Invariavelmente vemos esse intervalo entre 1917 e 1956 (a data do XX Congresso do PCUS) como sendo o do primado do terror repressivo, das grandes fomes ou da paranoia do seu líder. Ora não se pode omitir ter sido essa a época de uma grande unidade nacional para derrotar o invasor nazi, que em Estalinegrado começou a perder o fôlego e a correr para a sua perda definitiva. Ou quando a economia rural baseada no latifúndio deu lugar a uma fulgurante industrialização, que projetou a URSS para a condição de temida superpotência começando por vencer a corrida espacial nos seus primeiros tempos.

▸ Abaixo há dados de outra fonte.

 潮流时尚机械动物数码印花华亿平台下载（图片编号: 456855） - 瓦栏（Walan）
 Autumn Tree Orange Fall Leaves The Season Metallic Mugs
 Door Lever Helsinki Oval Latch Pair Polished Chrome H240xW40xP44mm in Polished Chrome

Quando, nos finais dos anos 70, costumava aportar aos portos do mar Negro - Tuapse, Novorossirsk ou Odessa - o clima épico mostrado no filme de Eisenstein sobre a Revolução de Outubro já não existia. Vivia-se na estagnação brezneviana, que criaria as condições para a contrarrevolução ieltsiana. Mas era fácil encontrar quem, criticando o líder de então, assumia as saudades do mitificado período anterior a Nikita Khrushchev .
Hoje em dia continuam a existir muitos saudosos do estalinismo e os documentários costumam mostrá-los como uns seres anacrónicos e meio tontos, que vão manifestar-se com bandeiras comunistas e medalhas ao peito sem saberem muito bem porquê. Pior ainda é a amálgama entre extremistas de direita e defensores do estalinismo, que convergem numa espécie de neoestalinismo lepenista.

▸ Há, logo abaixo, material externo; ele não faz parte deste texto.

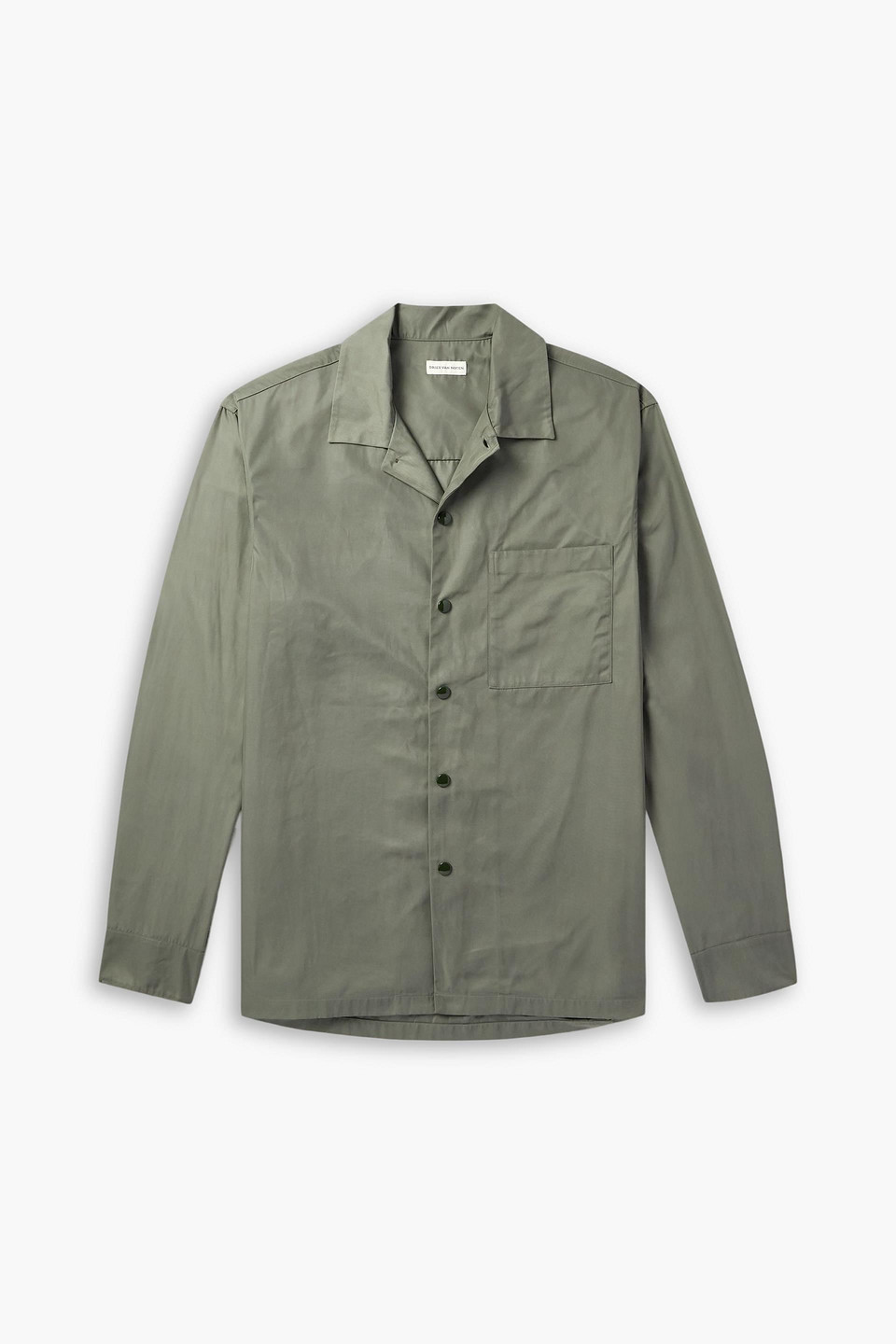 dries van noten - camp-collar shell shirt - green - it 46
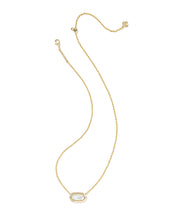 Load image into Gallery viewer, Kendra Scott Elisa Bezel Gold Short Pendant Necklace in Ivory Mother of Pearl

Em suma, de tantos documentários passados pelo nosso olhar, não se vê um que seja capaz de abordar a herança estalinista com outra perspetiva senão a de um maniqueísmo apostado em convencer sobre a sua tese conceptual em vez de procurar demonstrá-la mediante argumentos mais aprofundados.
No caso deste filme de Thomas Johnson a regra é a acostumada: enfoca-se a amplitude dos crimes cometidos durante a grande fome de 1932-33 na Ucrânia, que terá provocado entre 2,5 e 6 milhões de mortos, e o 1,5 milhão de fuzilados entre 1936 e 1939. E, claro, os 18 milhões de deportados para os goulags siberianos.

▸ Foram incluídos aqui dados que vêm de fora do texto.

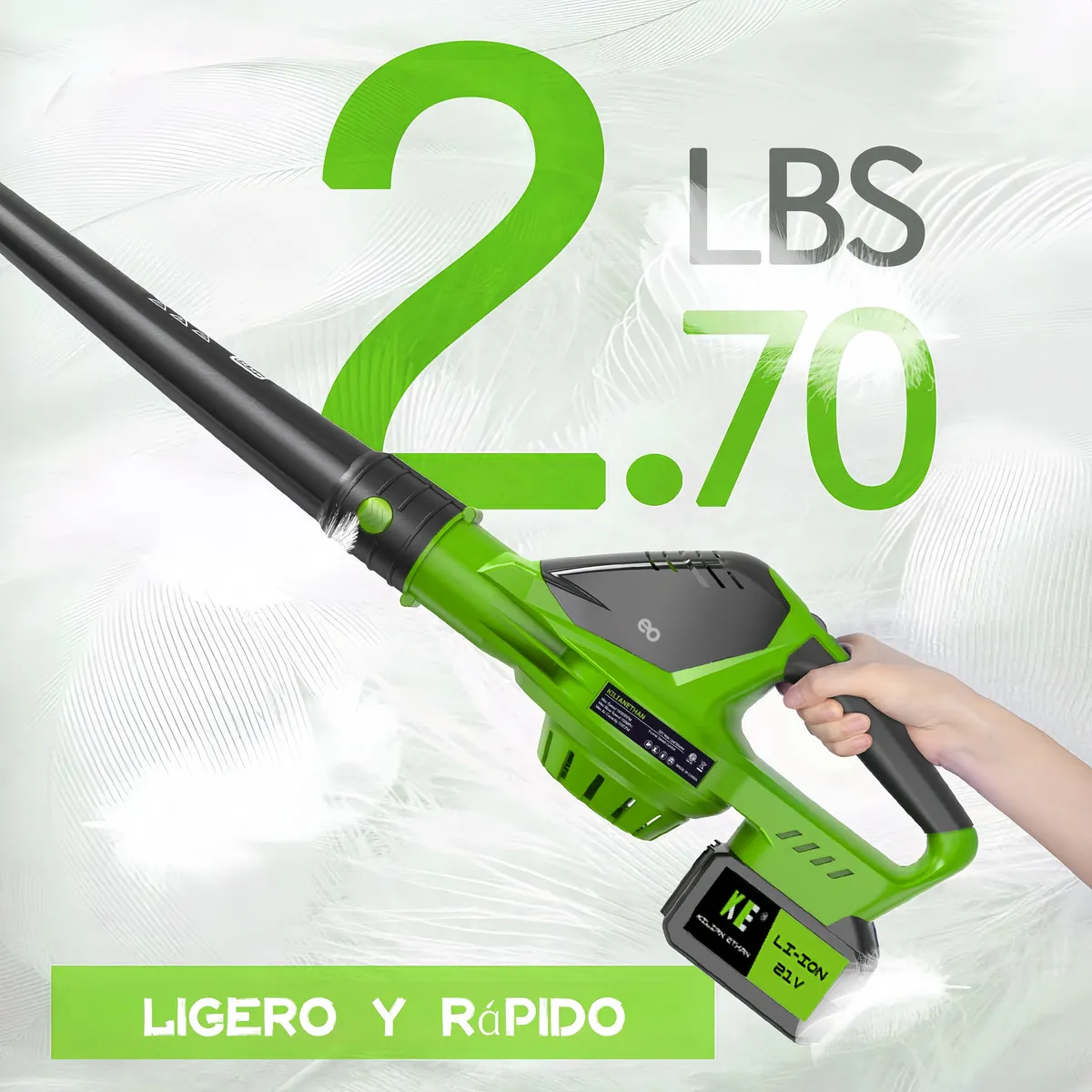 Soplador De Aire Inalámbrico Eléctrica 21v 600w 2 Batería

Mas Johnson reconhece que a figura de Estaline permanece popular na Rússia e até em ascensão no favor da generalidade da população. Razão que baste ao regime de Poutine para ser bastante comedido na condenação dos seus excessos e nem sequer pensar em pedir perdão às vítimas.
O documentário dá quase exclusivamente a palavra aos militantes da associação Memorial, que foi criada em 1989 por militantes anticomunistas sob a égide de Andrei Sakharov e destinada a recolher os depoimentos das vítimas e dos familiares dos que passaram por tal repressão. Temos, assim, uma catadupa de testemunhos mais ou menos enquadrados pelo do historiador hoje à frente de tal instituição: Arséni Roginski. Segundo ele existe uma amnésia voluntária sobre esse período, que condiciona a qualidade da democracia por que muitos lutam.
Com as reservas de quem não ilude a falta de objetividade dos seus propósitos, o documentário não deixa de constituir um bom estímulo para questionar a História e partir dela para a compreensão da Rússia contemporânea. Tanto mais que, sendo clara a sua desafetação do ideário estalinista, Poutine não hesita em reter-lhe algumas das mais eficientes estratégias de propaganda para prosseguir a via de sustentação de um capitalismo de Estado fomentador das gritantes desigualdades hoje constatáveis no enorme território que vai das fronteiras orientais da União Europeia a Vladivostoque.